TLM : Que préconisent les recommandations en termes de prise en charge?

 

Pr Olivier Sanchez : Il existe un traitement dit « conventionnel », reposant sur l’injection d’une héparine relayée par un antivitaminique K (AVK), et les anticoagulants directs (AOD). Ces derniers sont privilégiés du fait de leur bonne tolérance et de leur simplicité d’emploi mais restent contre-indiqués dans l’insuffisance rénale sévère (clairance de la créatinine < 30 ml/mn), le syndrome des anti-phospholipides et les femmes enceintes. Deux AOD ont une autorisation de mise sur le marché et un prix de remboursement : il s’agit de l’apixaban et du rivaroxaban.

 

TLM: Qu’en est-il de la reperfusion vasculaire au cours d’une EP en phase aiguë?

 

Pr Olivier Sanchez : Elle est réservée aux patients en état de choc ou en arrêt cardiaque (3 à 4 % des EP). La thrombolyse médicamenteuse en association aux anticoagulants permet d'accélérer la désobstruction vasculaire. Si le risque hémorragique est trop important, la thrombectomie par voie chirurgicale ou percutanée est indiquée. L’assistance circulatoire peut permettre de stabiliser leur état hémodynamique le temps d’assurer la reperfusion pulmonaire au moyen de thrombolytiques ou de la chirurgie.

 

TLM: Quels sont les parcours de soins à proposer au patient EP ? Quels sont ceux pouvant être traités en ambulatoire ?

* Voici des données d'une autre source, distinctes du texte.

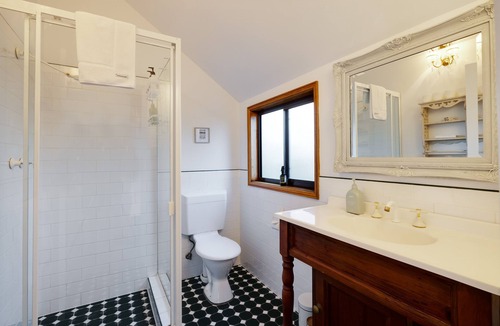 Vacy Cabin | Little Nest Spa Retreat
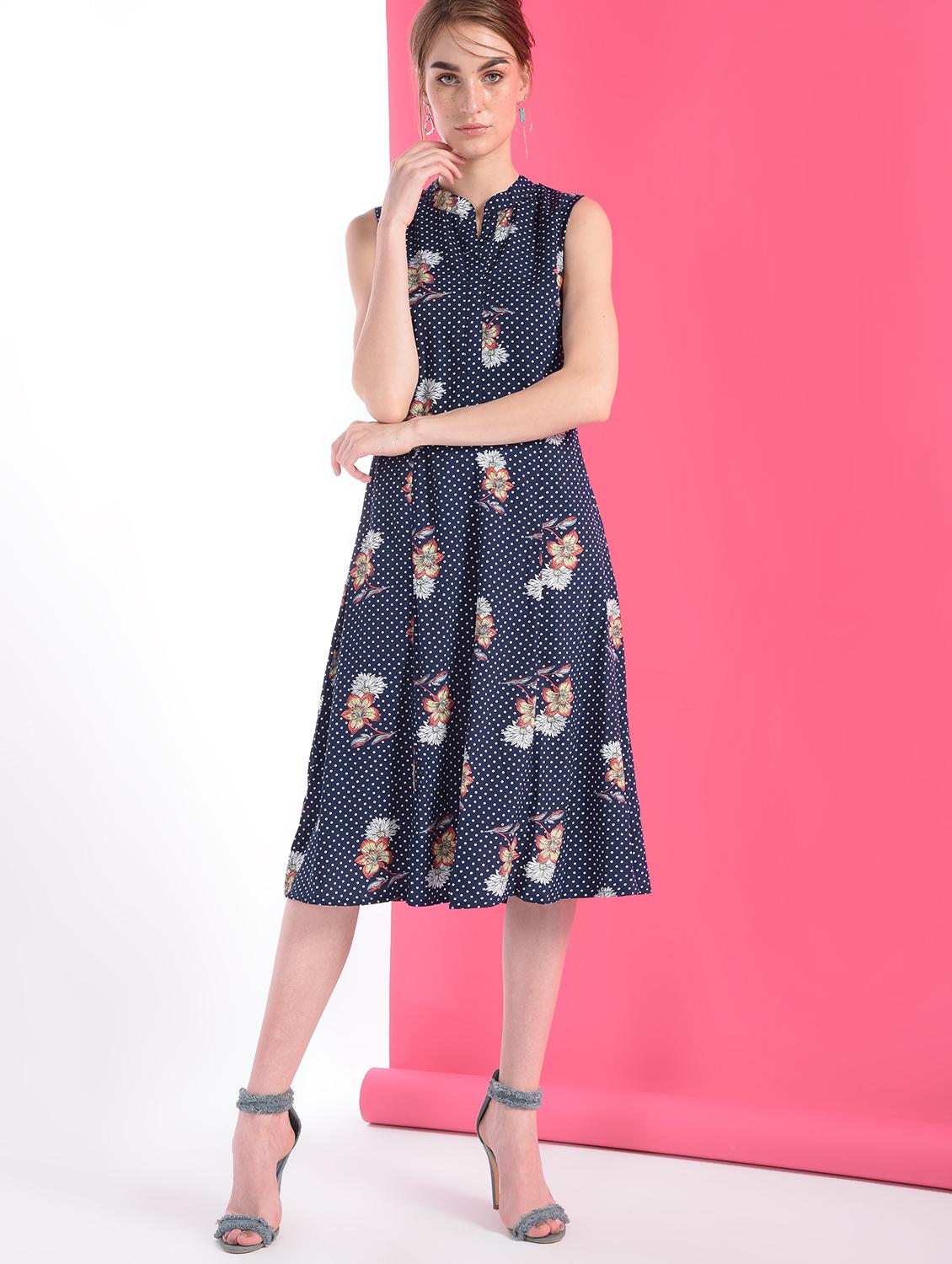 mandarin neck floral flared dress - 16368763 - Zoom Image - 2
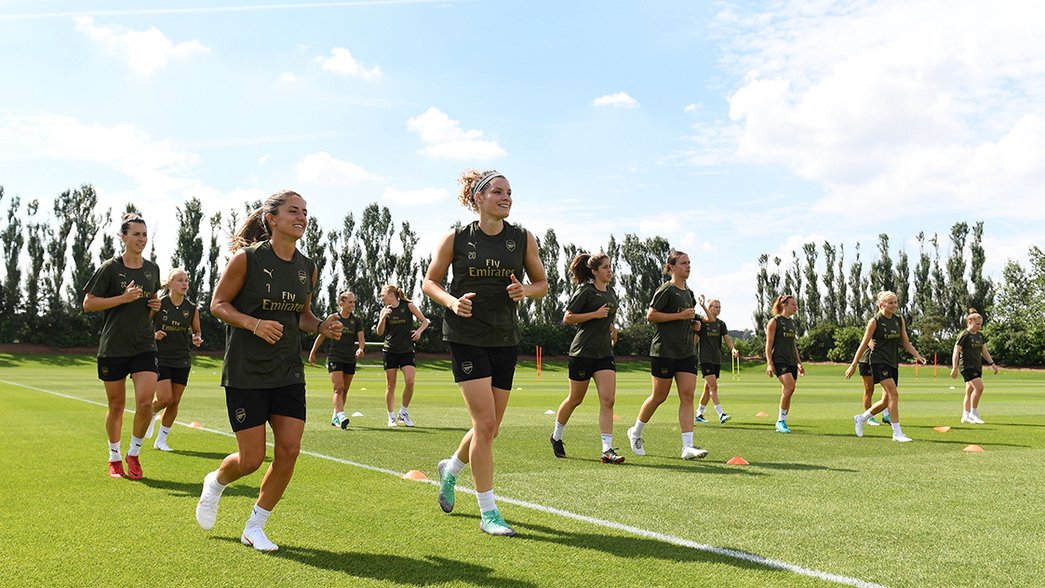 Arsenal Women in training 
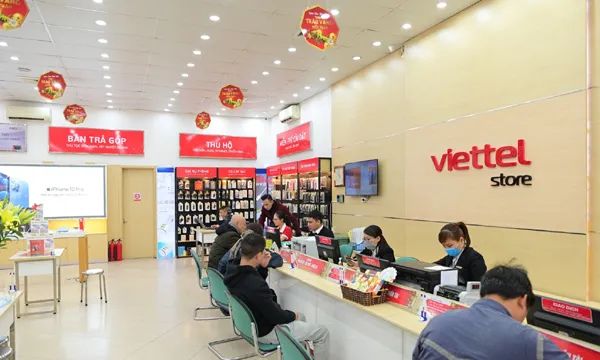 Không gian trưng bày tại ViettelStore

Pr Olivier Sanchez : La validation d’outils permettant d’identifier les patients avec une EP à risque très faible de mortalité ainsi que la simplification du traitement leur permet désormais d’être pris en charge sans ou après une très courte hospitalisation (24 heures). Il est en revanche indispensable d’assurer un suivi très strict dans le cadre d’un parcours de soins spécifique avec en particulier une consultation 3 à 4 jours après la sortie. Les autres patients sont hospitalisés. Tous sont revus à un, trois et six mois afin d’évaluer le contexte étiologique, la tolérance et la durée du traitement anticoagulant.

 

TLM : Comment gère-t-on un geste invasif sur un patient sous anticoagulants ?

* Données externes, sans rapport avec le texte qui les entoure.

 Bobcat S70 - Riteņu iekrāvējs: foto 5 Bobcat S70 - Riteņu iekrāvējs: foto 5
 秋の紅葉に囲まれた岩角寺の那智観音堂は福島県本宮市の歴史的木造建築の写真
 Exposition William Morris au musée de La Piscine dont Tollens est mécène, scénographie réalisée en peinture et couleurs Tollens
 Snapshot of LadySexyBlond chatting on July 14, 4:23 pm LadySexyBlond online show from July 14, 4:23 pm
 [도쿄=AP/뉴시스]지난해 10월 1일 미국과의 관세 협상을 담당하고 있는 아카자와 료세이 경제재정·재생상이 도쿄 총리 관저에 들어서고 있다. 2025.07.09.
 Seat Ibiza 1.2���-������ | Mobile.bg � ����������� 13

Pr Olivier Sanchez : Il faut évaluer le risque hémorragique lié au geste et le risque thrombotique pour le malade. La période la plus à risque est le mois qui suit le diagnostic. Il est donc préférable de ne pas pratiquer de geste invasif lors de cette période. Au-delà, un geste peut être pratiqué après arrêt anticipé des anticoagulants (3 jours pour les AOD et 5 pour les AVK). Un relais par HBPM n’est pas nécessaire.

 

TLM : Quand et comment rechercher une hypertension pulmonaire thromboembolique chronique après une EP ?


Pr Olivier Sanchez : Il s’agit d’une complication rare à envisager dès le diagnostic de l’EP devant une élévation anormalement importante des pressions pulmonaires sur l’échographie cardiaque, ou en présence d’anomalies évocatrices sur le scanner. Elle peut être évoquée lors du suivi devant une dyspnée. L’échographie cardiaque et la scintigraphie pulmonaire permettent de suspecter le diagnostic. Le patient sera alors orienté vers un centre spécialisé qui complétera le bilan (cathétérisme cardiaque droit et angiographie pulmonaire) et discutera du traitement.

 

TLM: Quel est le rôle du médecin généraliste dans la prise en charge de la MTEV?

 

Pr Olivier Sanchez : Un rôle clé. Il fait partie intégrante du parcours de soins. Il contribue à la recherche de l’étiologie de la maladie. Il évalue la tolérance du traitement, l’évolution de la maladie et la survenue de complications ou de séquelles. L’objectif des dernières recommandations françaises sur la MTEV est de lui fournir des données actualisées et de répondre aux questions fréquentes concernant sa prise en charge.